You start with the most important variable, the one you want to predict, the one you call the dependent variable.

Then, you collect together a bunch of other variables. If you’re lucky, you’ve got a dataset with hundreds of other variables to pick from. These are the ones you call dependent variables.

With the variables outlined, you can now say:

*The dependent variable depends on the independent variables*

*The independent variables predict the dependent variable*

*The dependent variable is influenced by the independent variables*

*The dependent variable is explained by the independent variables*

But just because you call a variable a dependent doesn’t make it a dependent variable. As with correlation, a regression does not signify causation. Regression is a slightly more complicated, slightly more cool, slightly more interesting correlation.

If you wanted to, you could call any variable a dependent variable. You could easily run a regression model to find the co-efficients behind any of these equations containing both a dependent and independent variables:

*Education is a function of salary + number of cars you own + square footage of your residence
Attitude towards the environment is a function of how much meat you eat + the number of fur coats you own
Your favorite colour is a function of the colour of your car + the colour of your living room + the colour of your front door*

In each case, is the dependent variable truly caused by the independent variables? Absolutely not. Is there a scientific relationship between the variables dependent and independent variables? Absolutely. It’s purely correlational, but it is most definitely a clear relationship.

So the next time you plop variables into one or the other side of an equation, consider whether it is a predictive or correlational model because the model won’t tell you either way. So in the immortal words of Jean Luc Picard, just saying it won’t make it so.

###### Related articles

- Regression Fantasies: Part III (statswithcats.wordpress.com)

My favourite example is the blood alcohol test. We can use the amount of alcohol in somebody’s blood, via regression, to predict how much alcohol they drank. However, the alcohol in the blood did not cause drinking, the drinking caused the blood alcohol.

Another nice example, and one that gets very controversial when applied to climate estimates thousands of years ago, is that regression can be used to estimate the weather from the size of tree rings, the wider the rings the better the weather. In this particular regression, the size of the tree rings is treated as the independent variable, and the weather as the dependent variable. But, the tree rings did not cause the weather.

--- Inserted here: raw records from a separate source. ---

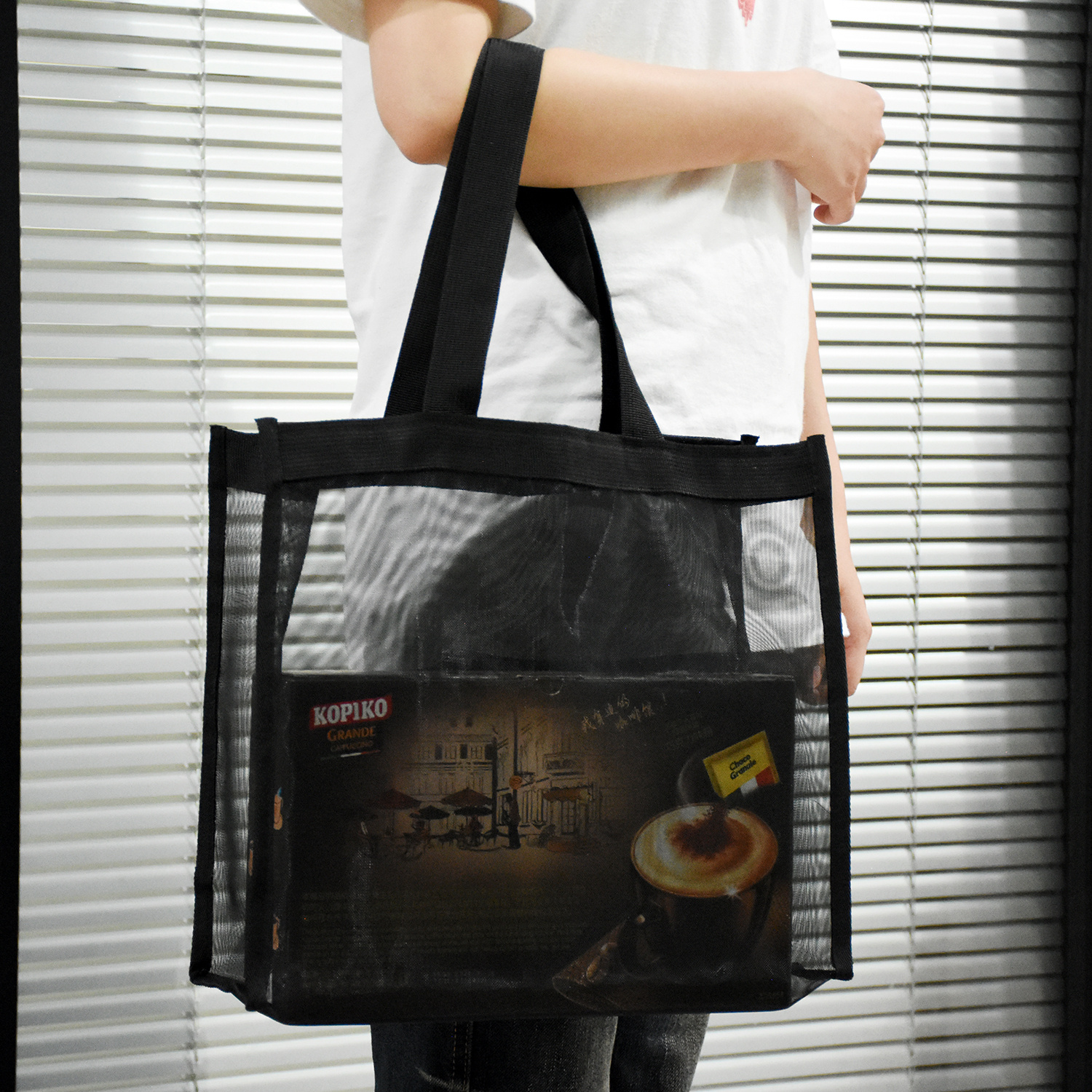Customized Black Waterproof Mesh Beach Tote Bag03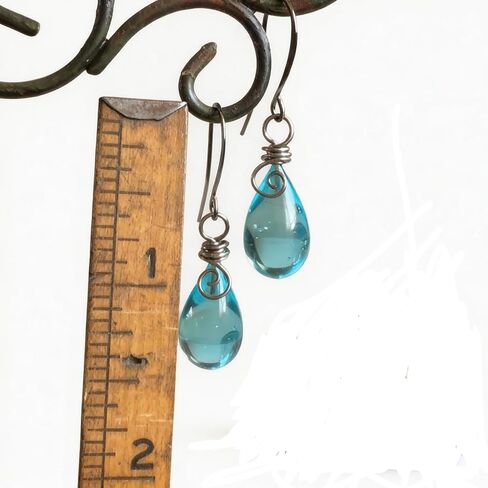 Recycled Glass ，Water droplet Earrings Necklace，Handmade Drop Earrings/Necklace，Beach Jewelry Inspirational Gifts for Women, Mom, Sister in Kuwait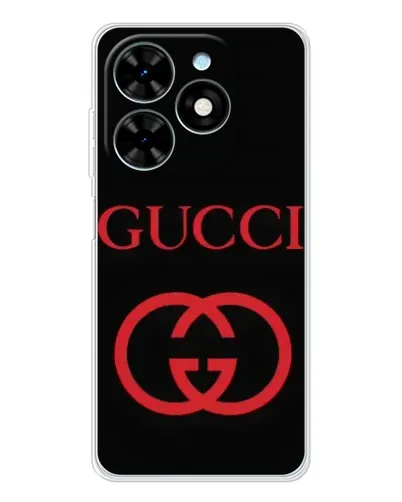 Чехол для TECNO Spark Go 2025 с картинкой «Gucci — красный логотип»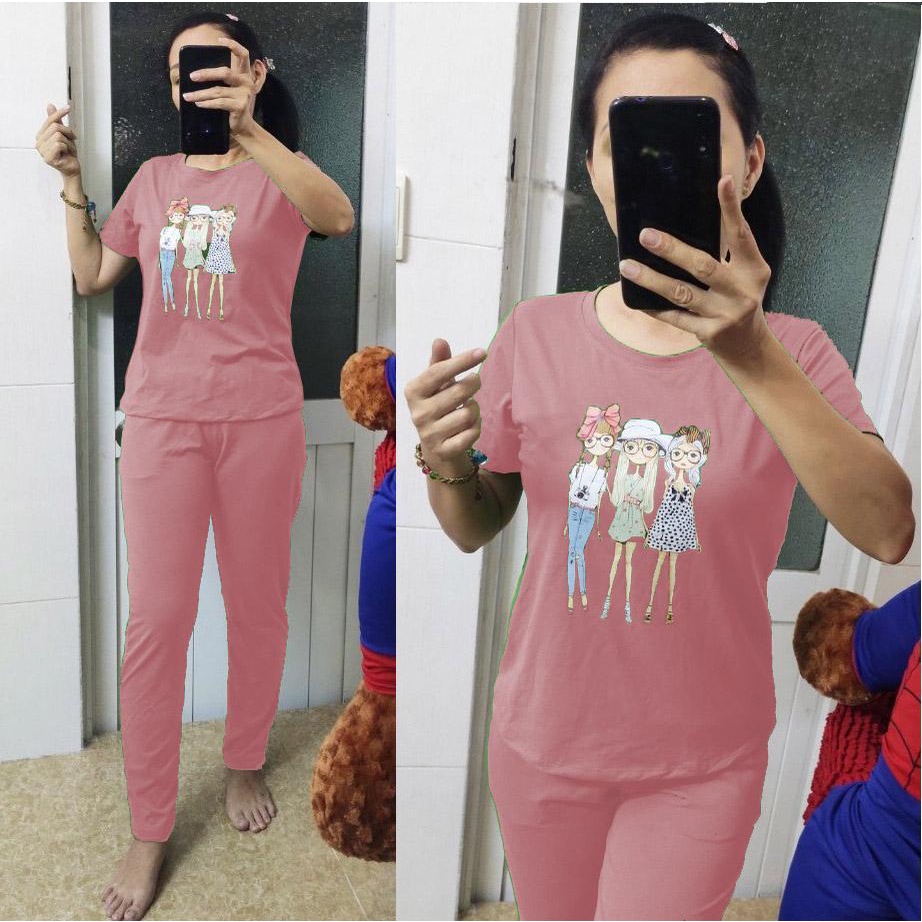 Đồ bộ thun cotton Tici in hình 3 cô gáiJumpsuit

However, calling it the dependent variable does make it the dependent variable, at least to scientists. However, the scientists do not mean what the person in the street means by dependent variable. The independent variables are the ones we are going to vary in the test, and the associated movement in the dependent variable is what we want to find out – it is dependent is the sense of being the variable of interest, but, as you say, no causality is implied.